# Wrap removal



## win300us (Apr 28, 2004)

What is the easiest and best way to remove the old wraps and put new on


----------



## arrows (Feb 23, 2007)

I use my fletching stripper. takes a littel while to all the junk off but it works good


----------



## bandman (Feb 13, 2006)

I second the above. It gets a bit old but is the most effective way IMO.


----------



## bowtechin (Apr 8, 2007)

I was told a blowdryer will help get it off. I've yet to try it though.
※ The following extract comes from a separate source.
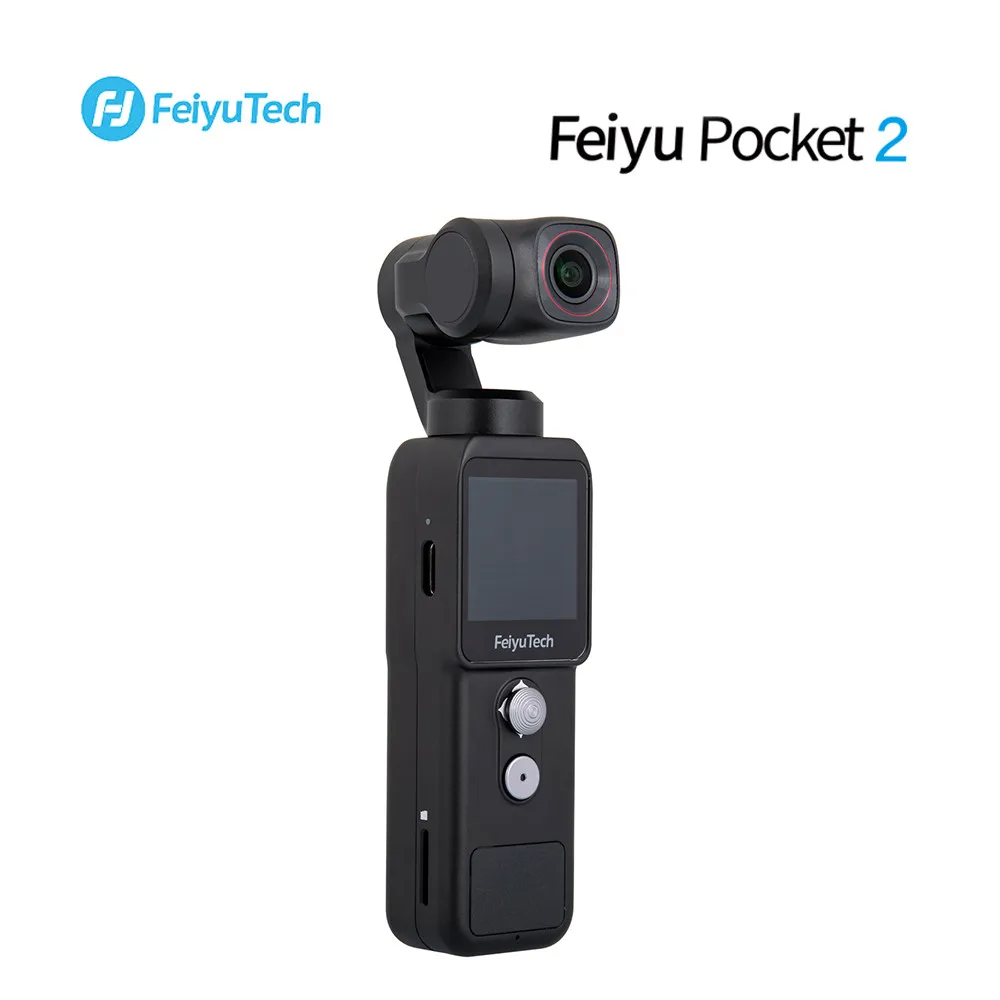 

Feiyutech Official Feiyu Pocket 2 Action Camera 3-Axis Stabilization 4K 60fps Stabilizer Integrated Camera With Smartphone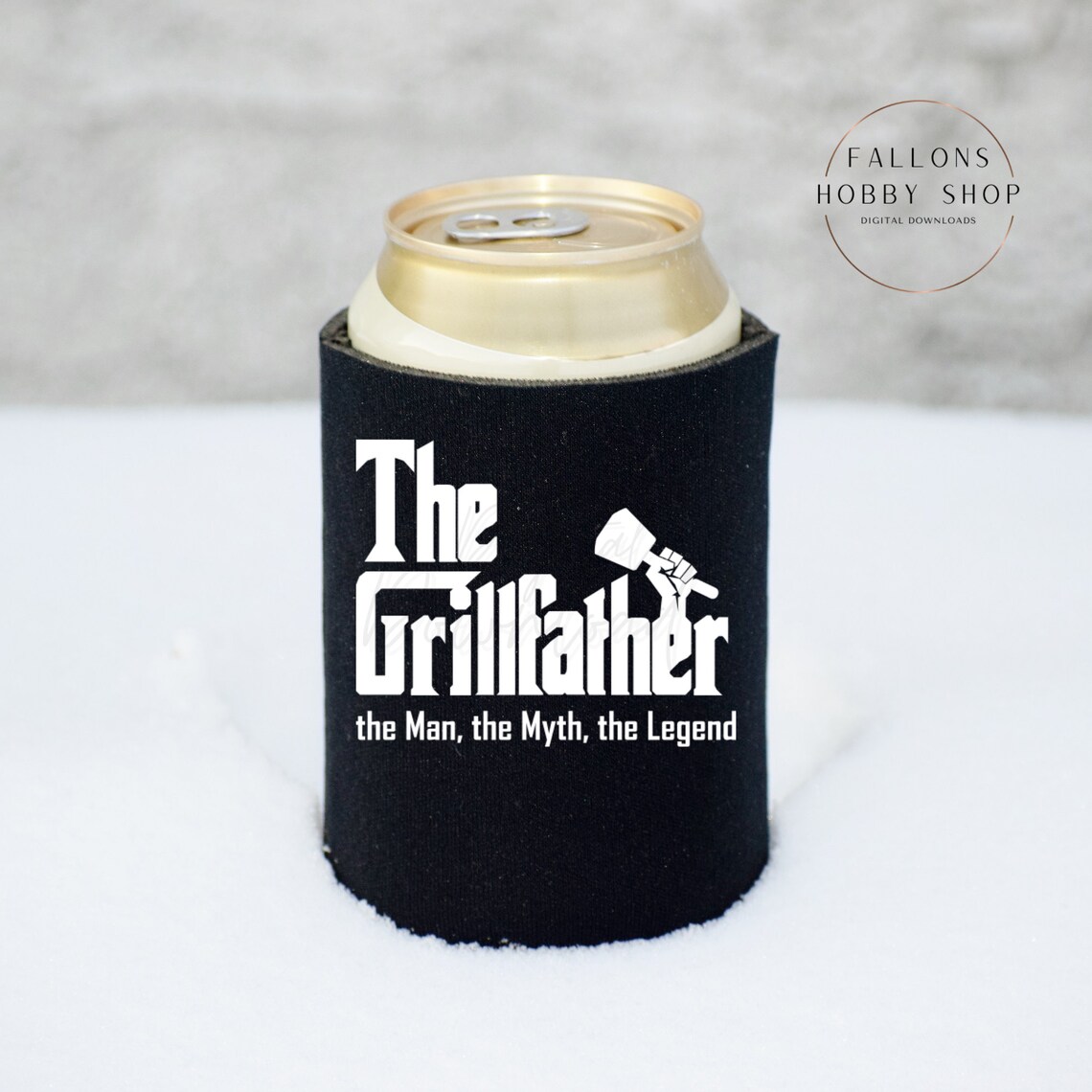 Download The Grill Father Beer Koozie Apron SVG Digital Download | Etsy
Otherwise I've used a brilo pad and soapy water.


----------



## kase (Jan 23, 2005)

i have used a razor blade with a really shallow angle. that worked alright. i also use a rag with a bit of rubbing alcohol.


----------



## bretts (Feb 24, 2004)

just removed about a dozen wraps last night. Using the razor blade with the groove in the edge for arrow shafts works just fine. Comes of no problem. Took about 25 minutes for all of them...remember to go over the shaft with some rubbing alchohol...then follow with a clean rag with water. Get's rid of hand residue, old wrap residue.


----------



## Danimal (Sep 9, 2005)

Has anyone tried mineral spirits? It typically does a good job of removing/softening adhesive and adhesive residue.


----------